Lol....... My back cuts are not always level. My stump might have a siswheel and cut up to swing the tree tree to the high side of the face.
But yes as a general rule the back cut should be level.


----------



## tramp bushler (Jan 15, 2010)

It not just incentive , The face directs the directon of the fall ......Lets use the 45 degree angle as an example . first put in a flat level horizontal cut 1/3rd the diameter of the tree and on the side you want the tree to fall on .. Next make a 45 degree angle cut from either above or below the horizontal face cut . Make sure the two cuts meet perfectly and that one cut doesn't go past the other .. Knock that piece of wood out and that is the face of the tree ........ If you check the owners manuel of most all brands of chainsaws there is a diagram in them in a half a dozen different languages or more ,illustrating the felling of a mighty tree .....!!! 
. HIP HIP HOORAY ......another stump to the consternation or the unmentionables ...


----------



## 2dogs (Jan 15, 2010)

Pierreg said:


> Greets.It wasn't my intention to confuse the issue.2dogs answered the ? I had. Simply asked if the cut on the side where the tree is going to fall,if it helps to have the second or face cut angling up to meet the first cut and give the tree incentive to fall.I guess this is called a Humbolt cut?I have had several"balanced" trees that needed one or two plastic wedges to start it over. I can see where the Humbolt style would be very practical.This isn't rocket science.The cuts are the same except for the uphill wedge. I always to make my backcut or final cut hoizontal too.I'm sure you can picture these cuts as you are the cutters. Thanks for the replies.



Pierre the choice between a conventional face and a Humboldt face is not to make a balanced tree fall or to start toward the face. It is what you want the tree to do once it starts to fall. A conventional face will keep the tree attached to the stump via the hinge until it hits the ground. That means good control and a fast falling speed. The downside is likely more breakage. A Humboldt, esp with a snipe (A second face on the lip of the first face) will kick the butt to the ground early or make it jump, depending on what is needed, and reduce breakage. This is esp important in big conifers like redwood.

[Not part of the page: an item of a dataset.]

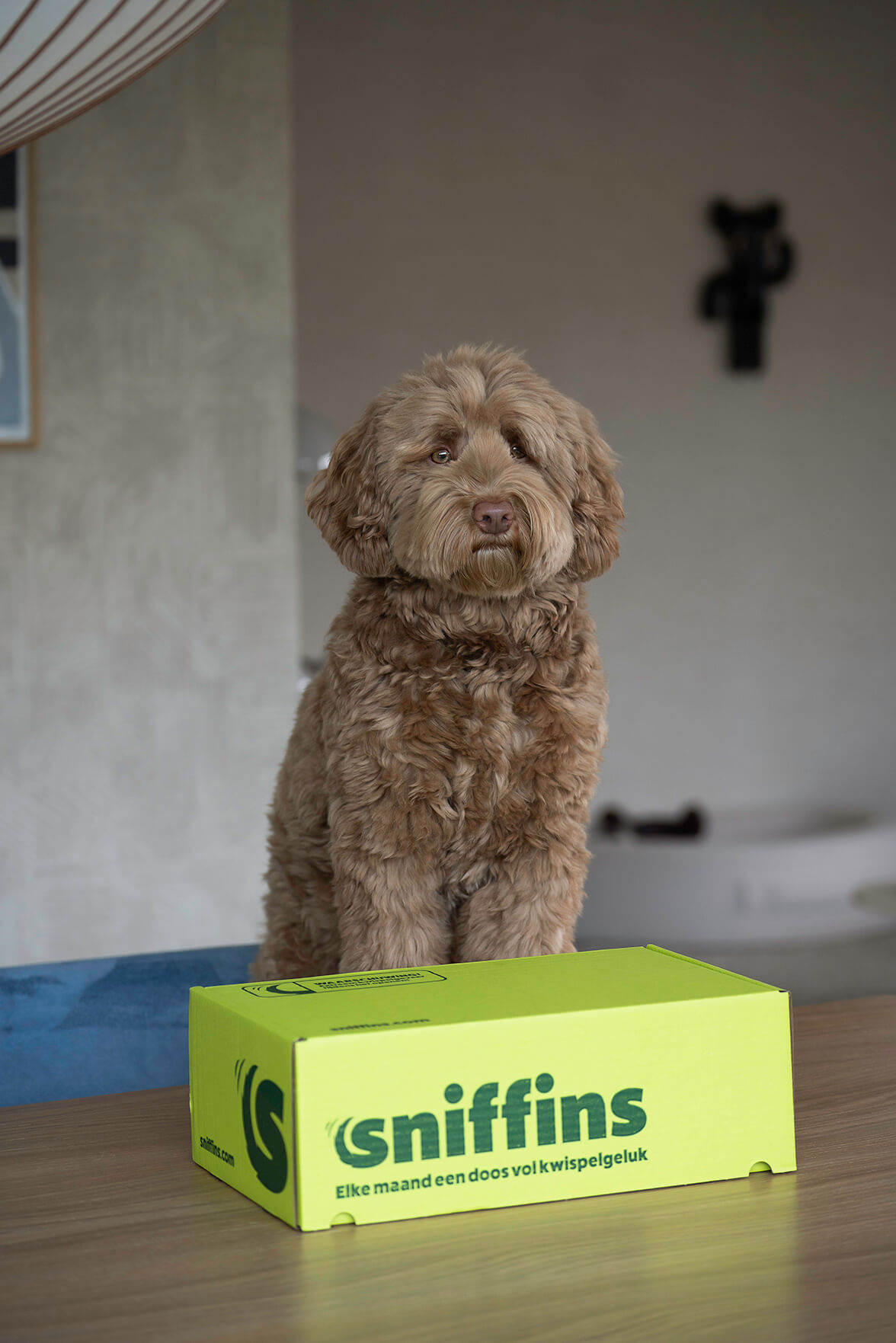 Sniffins Box honden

Actually this is rocket science. It is just that the very complicated basics were developed many years ago and we just copy their good work. Reducing breakage doesn't matter when you are cutting fire wood or just doing a removal. For professional fallers it is their bread and butter. A fire wooding homeowner does not need to make a 200'+ tree jump a ravine but a timber faller does. Heck, for me a quarter of the trees I fall really do not need precise directional control, just get it on the ground safely so I can drink a Red Bull and eat some steaming Brussell sprouts out of my thermos. The rest need to hit the ground in a precise location or my insurance cost will go out of sight. That is where the rocket science comes in. 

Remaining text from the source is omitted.